--- Work order ---
Below are lines of data, and only some are wanted. Please repeat exactly those from the line that has "Anthropologie Marrakech Rust" through the line that has "2pcs Thermostat Socket".

--- Records provided ---

Content starts

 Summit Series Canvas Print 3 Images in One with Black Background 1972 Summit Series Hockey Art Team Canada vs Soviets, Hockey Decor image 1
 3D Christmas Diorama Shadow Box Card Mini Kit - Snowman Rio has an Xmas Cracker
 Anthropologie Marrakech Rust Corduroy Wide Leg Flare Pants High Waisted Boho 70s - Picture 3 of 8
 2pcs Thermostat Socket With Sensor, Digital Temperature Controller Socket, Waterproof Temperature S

Content ends
Content starts

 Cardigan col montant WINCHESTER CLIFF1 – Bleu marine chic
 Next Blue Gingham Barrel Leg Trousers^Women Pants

Content ends

--- Solution ---
 Anthropologie Marrakech Rust Corduroy Wide Leg Flare Pants High Waisted Boho 70s - Picture 3 of 8
 2pcs Thermostat Socket With Sensor, Digital Temperature Controller Socket, Waterproof Temperature S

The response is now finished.